Prima parte
INTERVISTA
Loach spirito ribelle
di Liana Messina
Il lavoro precario, le nuove vittime del business. In questo mondo libero... segna l'amaro ritorno all'oggi del regista inglese. Che però non si arrende: "La gente si darà da fare, deve vedere che le cose cambiano"
L'ultima volta aveva voltato per un attimo lo sguardo indietro, un tuffo nella storia inglese come specchio dell'attuale, con Il vento che accarezzava l'erba che gli aveva fatto conquistare la Palma d'oro a Cannes 2006. Oggi Ken Loach torna dritto nel contemporaneo, anzi ci si rituffa in pieno scegliendo una storia ambientata di nuovo nel cuore dell'Inghilterra, a Londra, dove non girava da oltre 10 anni, dai tempi dell'intenso Lady Bird Lady Bird.
Altrettanto forte, coinvolgente, è In questo mondo libero..., appena passato in concorso al Festival di Venezia e che ora esce nei cinema italiani. Titolo amaramente ironico, perché il regista e il suo coautore inseparabile, l'irlandese Paul Laverty, raccontano quella che è una sorta di nuova schiavitù, le condizioni di vita e di lavoro massacranti dell'ultima ondata di immigrati clandestini, soprattutto quelli che vengono dall'Europa dell'Est in fuga dal collasso economico dell'ex Unione Sovietica.
Singolarmente è di nuovo una donna la protagonista, eroina o meglio antieroina, controversa e dura, una vittima che si trasforma in carnefice.
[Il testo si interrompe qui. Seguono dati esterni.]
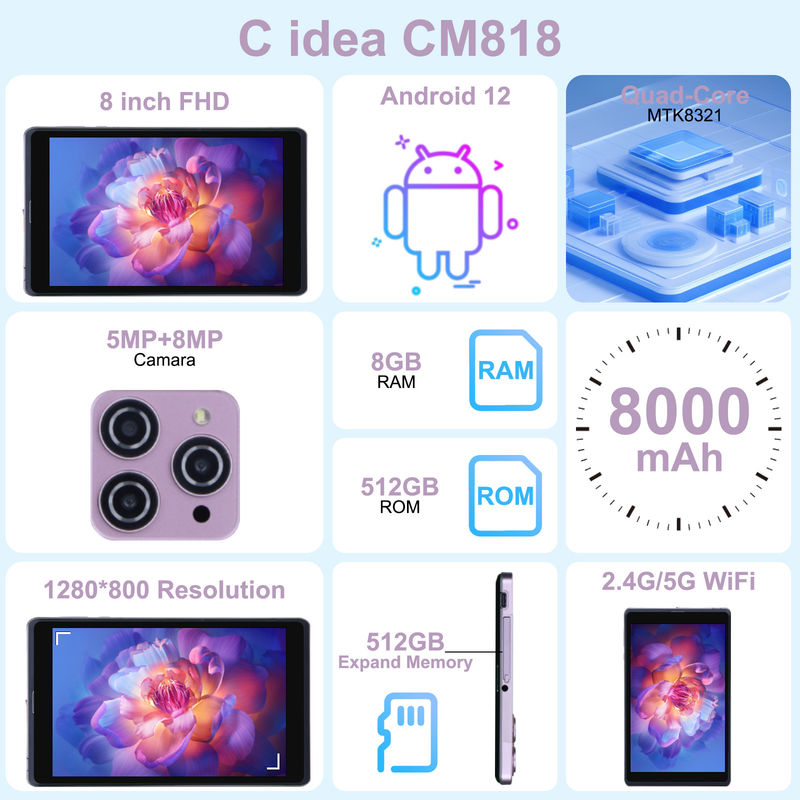 C 아이디어 8인치 안드로이드 12 태블릿 8000mAh 배터리 5MP+8MP 카메라 8GB 램 512GB 롬 교육 학습용 CM818-핑크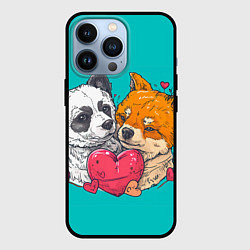 Чехол для iPhone 13 Pro Влюбленная собачка и лисичка, цвет: 3D-черный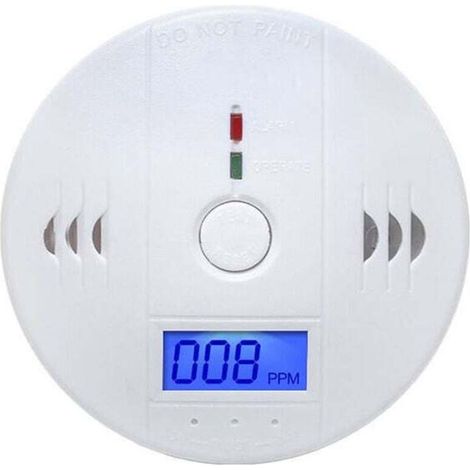 Kohlenmonoxidmelder mit Digitalanzeige und akustischem Alarm für den Heimgebrauch, batteriebetrieben (AA-Batterie nicht im Lieferumfang enthalten), freistehende Installation - Crezuo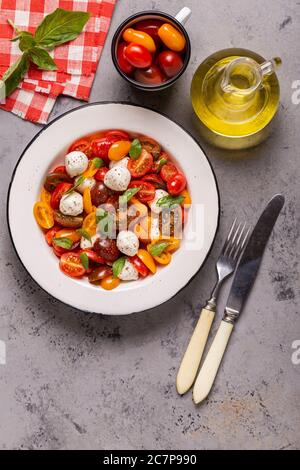 Insalata caprese tradizionale fatta di pomodori freschi a fette, mozzarella e basilico, vista dall'alto Foto Stock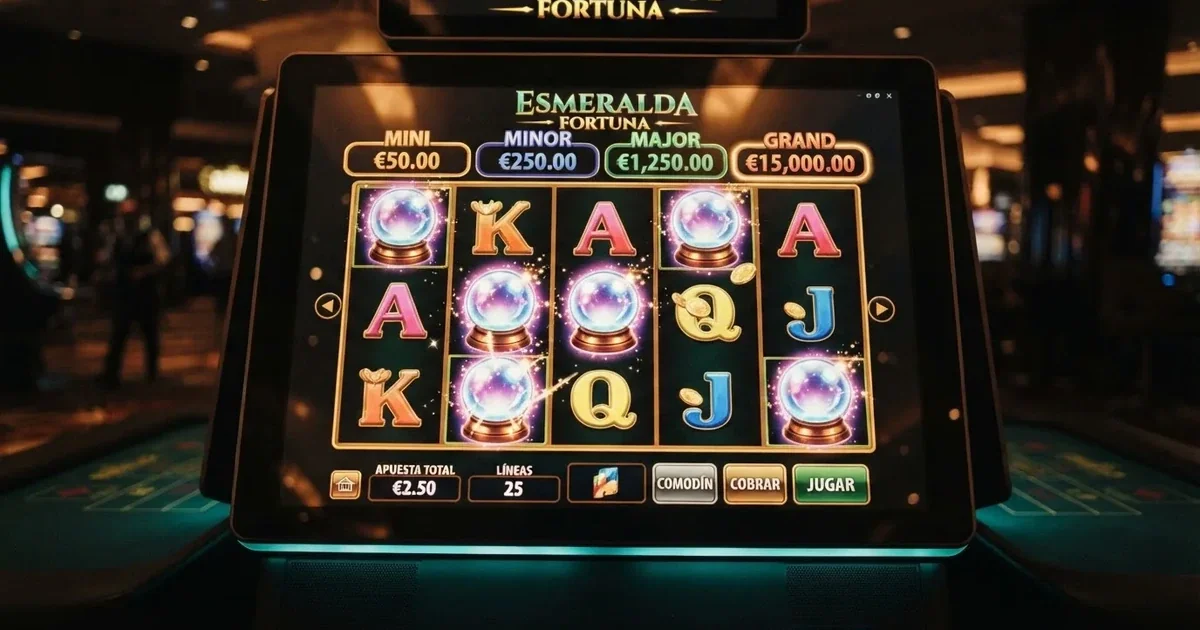 Interfaz de una tragaperras Fire Blaze con los símbolos de bola de cristal y los cuatro botes Mini, Minor, Major y Grand en pantalla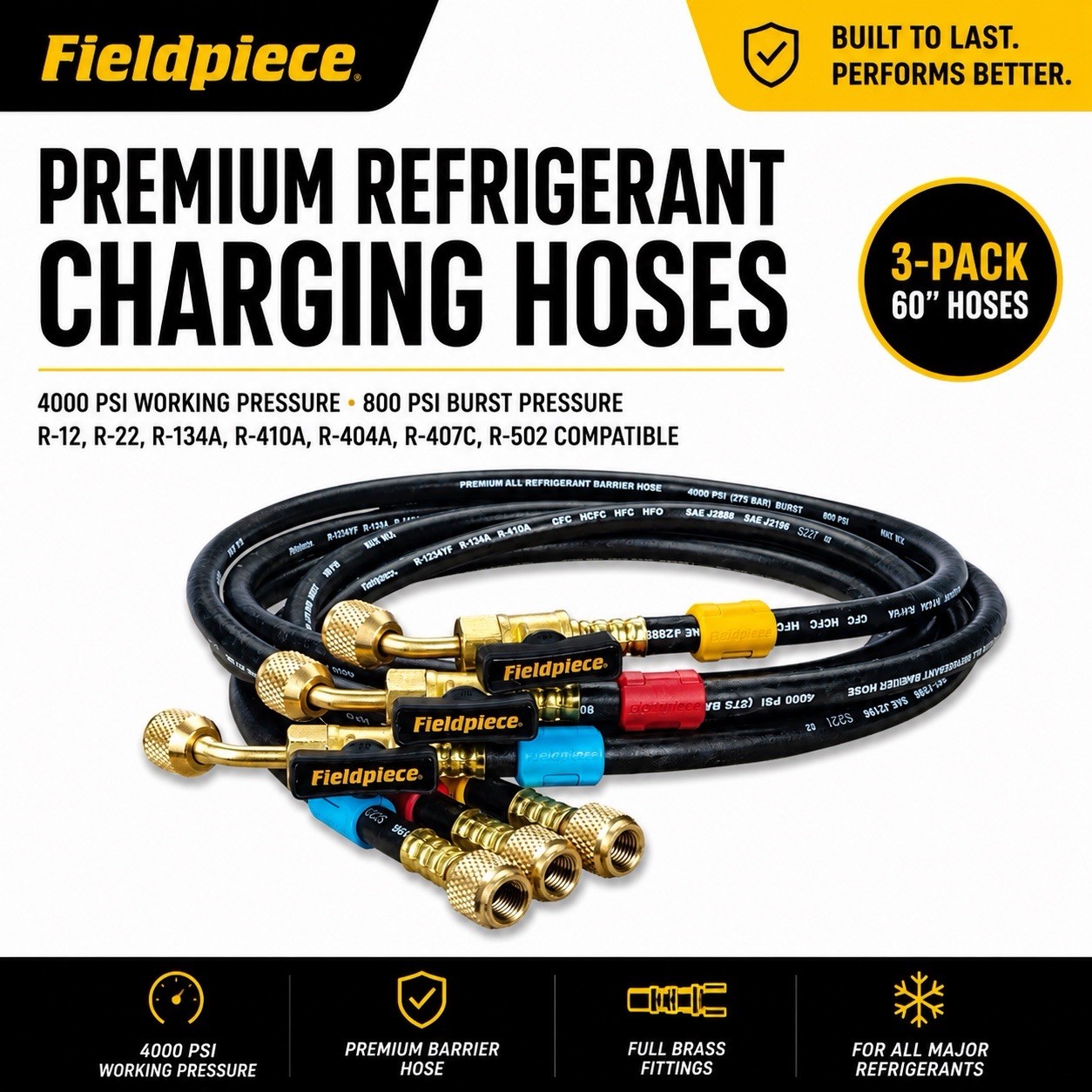 Fieldpiece HR3B HVAC Ball Valve Hose Set (3) 1/4 x 1/4 Refrigerant Charging Hose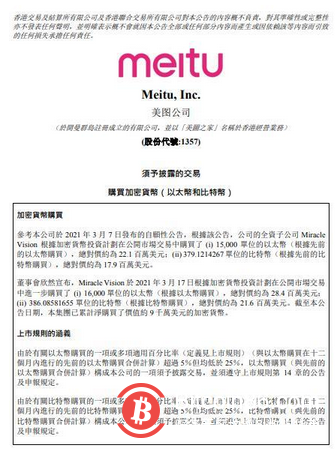 美图再度购入比特币,已耗资约9千万美元购买加密货币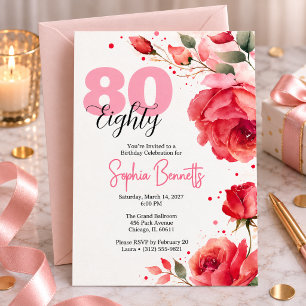 Watercolor Eighty Floral Rose 80th Birthday Party  Invitation
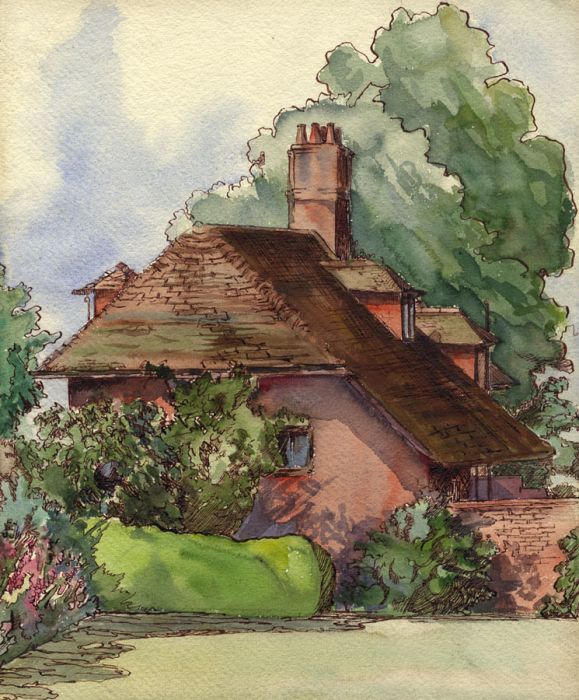 Violet Hilda Drummond - Early 20th Century Watercolour, Stables, Hitchen, Herts
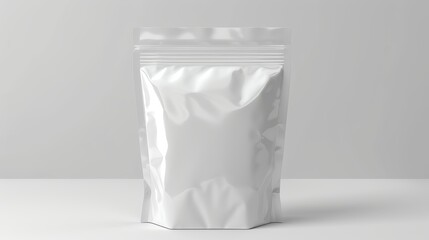 Single white pouch package in portrait orientation on a light background.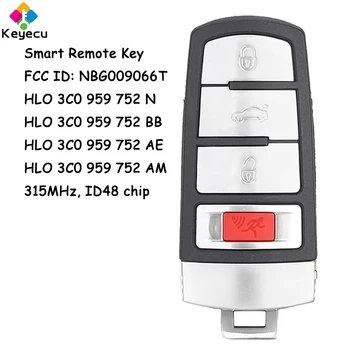 KEYECU Smart Remote Control Автомобильный Ключ С 3 + 1 4 Кнопками 315 МГц ID48 Чип для Volkswagen Passat CC 2006-2013 2014 Fob NBG009066T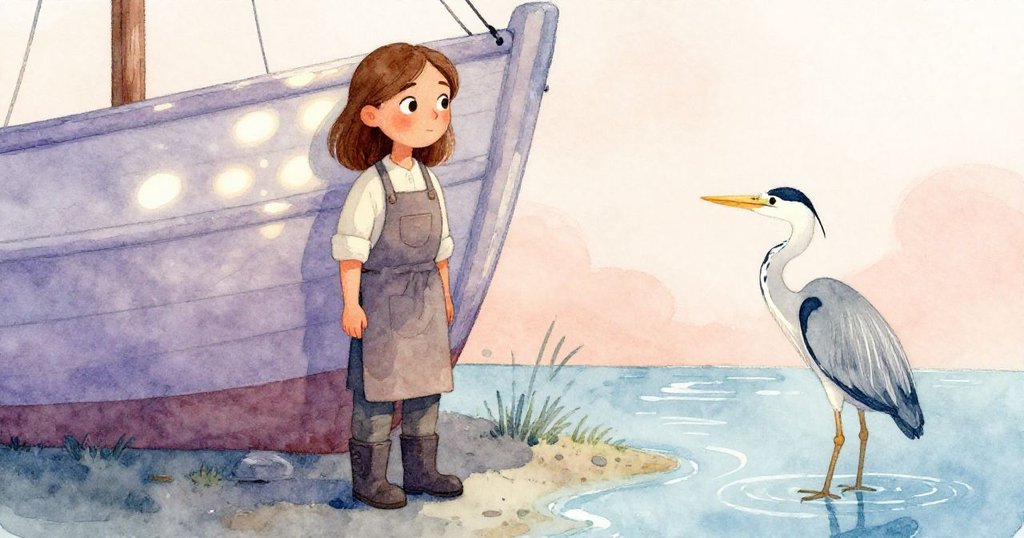 Vera靜立在船艙中反思，口袋工具安全收納，灰鷺依舊守候水邊，畫面呈現恬靜與和諧結局。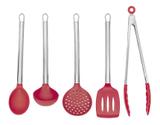 Conjunto Silicone Utensilios 5Pcs Colher Concha Espátula Escumadeira Pegador - Clink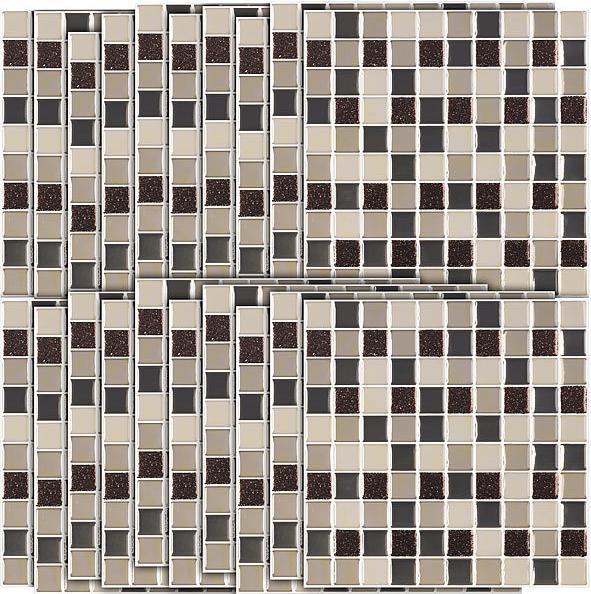 Produktbild Infactory Selbstklebende 3D-Mosaik-Glitzer-Fliesenaufkleber, 26 x 26cm, 15er-Set (26 x 26 cm)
Angie (la bravissima Kierston Wareing, quasi una sconosciuta, che prima aveva fatto solo qualche bizzarra particina in tv, e, delusa, stava seriamente pensando di abbandonare la carriera, tanto seguiva un corso per segretaria) ha trent'anni, il suo background è nella classe operaia, è madre single di un ragazzino che vive con i nonni e lei non lo vede quasi mai. Ha cambiato trenta lavori in dieci anni, e quando viene licenziata ingiustamente anche dall'ultimo, un'agenzia di lavoro temporaneo che opera anche in Polonia, prende coraggio e decide di sfruttare la sua esperienza in quel campo mettendosi in proprio. È senza licenza, usa il cortile del pub di quartiere come ufficio, convince la miglior amica e coinquilina Rose a farle da spalla, nasconde la massa di capelli biondi dentro un casco e inforca la moto correndo da un capo all'altro della città per reclutare immigrati o trattare con le fabbriche che poi li useranno con orari e condizioni di lavoro da schiavi.
Angie sa essere simpatica, convincente, seduttiva, ma anche dura e inflessibile, quando ogni mattina seleziona con grinta gli uomini da stipare in camioncini sgangherati. Pian piano si trasforma in una spietata sfruttatrice, pronta alle azioni più indegne per riuscire ad accumulare soldi e successo. Come racconta lo stesso Loach "in un molto probabile futuro è pronta per esser eletta "la donna d'affari dell'anno"".
Angie è un personaggio da amare o odiare?
Tutte e due. È proprio dalle sue contraddizioni che siamo partiti, sono lo strumento attraverso cui poter raccontare questa storia. Angie è energetica, vulnerabile per certi versi e forte per altri. Egoista e generosa, passionale o fredda, anche spietata. È un personaggio del nostro tempo, molto realistico, ma anche un'immagine-metafora dello spirito che si sta diffondendo nella nostra epoca. Si muove con gli stessi obiettivi che spingono il grande business. Tagliare il costo del lavoro, aprire nuovi mercati, ridurre le spese di gestione.